A row has broken out over a claim that three gay men, two lesbians and a trans person were stoned to death this month in rural Uganda.
Over the past couple of days, the question of whether these murders happened has stunned, shocked and infuriated activists and groups around the world – as people know very little more than this.
Human rights leaders around the world have been trying to discover more about the alleged slayings.
It began after Friends New Underground Railroad, a US-based Quaker group, released a statement claiming seven were dead and 65 had fled the country.
‘They were killed by stoning. One who survived (still breathing after stoning) was burnt alive using kerosene/paraffin and a match box,’ stated the alleged witness.
Then, a seventh gay man was reportedly attacked by a mob and died a day later from head injuries. The picture used on this article, believed to be of this man, was attached to the press release.
It was claimed the killings came in anger after Uganda’s Constitutional Court nullified the Anti-Homosexuality Act earlier this month.
But following the report, including its publishing on several respected LGBTI news sites, Ugandan LGBTI rights leaders questioned its validity.

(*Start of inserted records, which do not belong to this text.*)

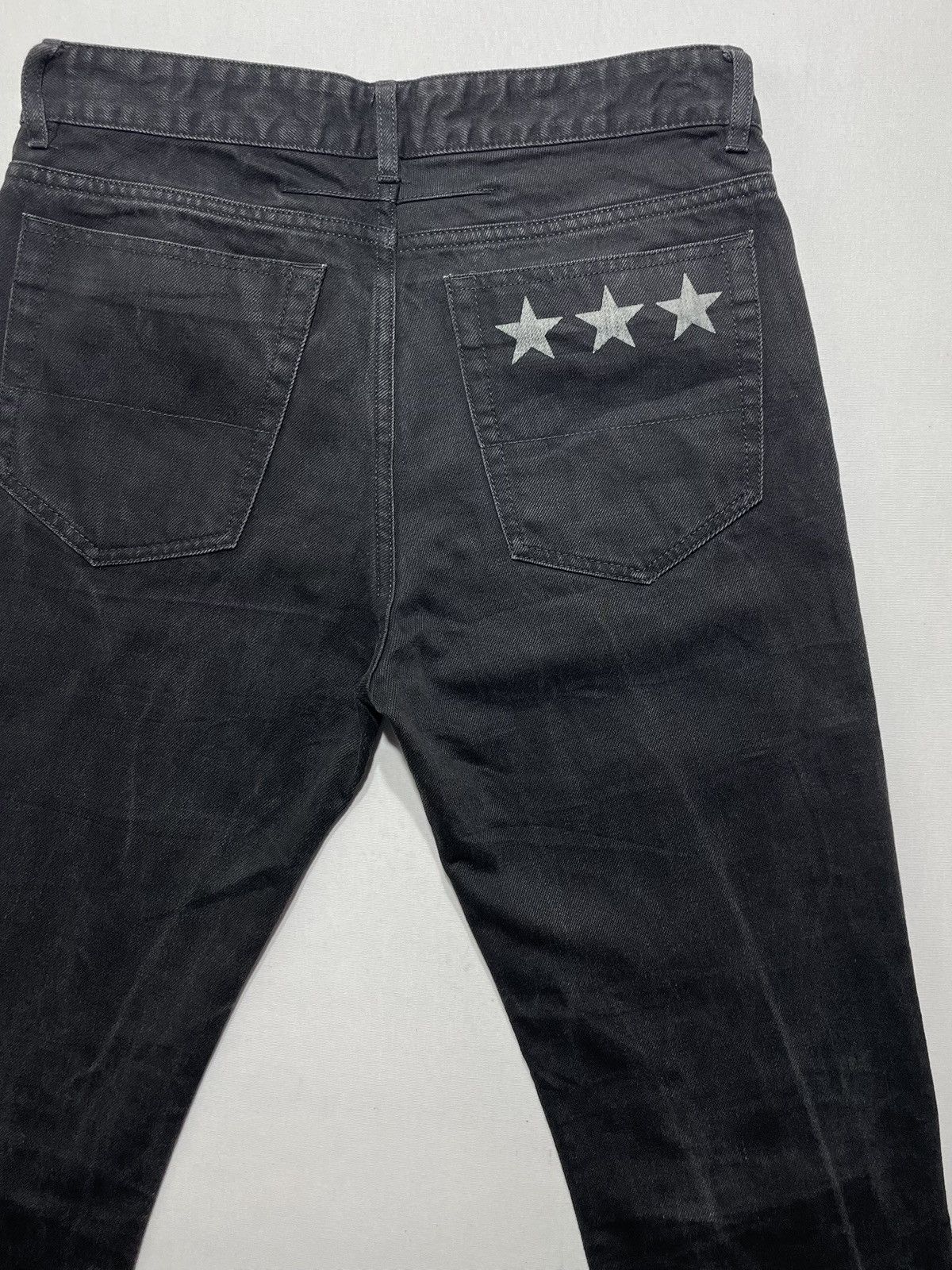 Givenchy Givenchy Star Pocket Jeans Size US 30 / EU 46 - 3 Thumbnail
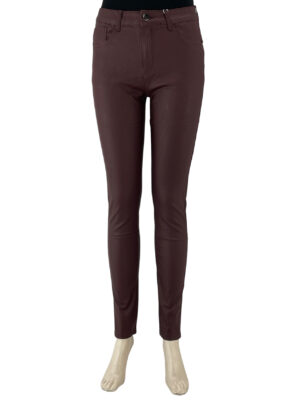Trousers-colours leatherette animal print code 2313017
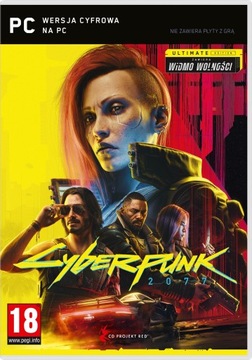 Gra PC Cyberpunk 2077: Ultimate Edition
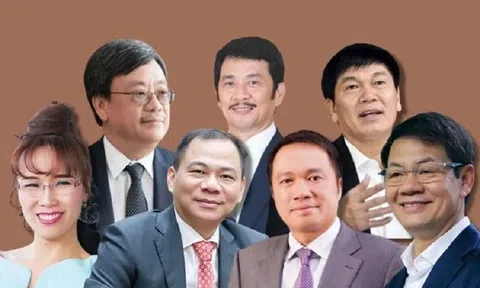 Việt Nam có 7 tỷ phú lọt top những người giàu nhất hành tinh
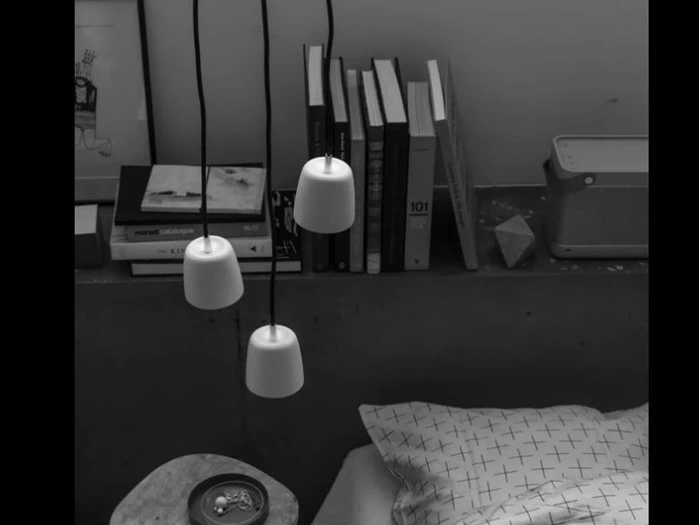 2 Stk. Loevschall Noir Hans Thyge & CO pendel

GSN chose to not report on the alleged slayings, concerned the facts had not been fully substantiated.
Pepe Julian Onziema, the LGBTI rights advocate with one of the biggest contact list of the community in Uganda, said he believed the story was a fabrication.
Some LGBTI Ugandans commented on social media they were surprised to find out a US group knew more about the suffering of their people more than they did.
But Friends New Underground Railroad is sticking to their account of the murders.
They said they have provided additional information about the reported incidents to the Human Rights Awareness and Promotion Forum and to Human Rights Watch in order to allow them to conduct their own independent investigations.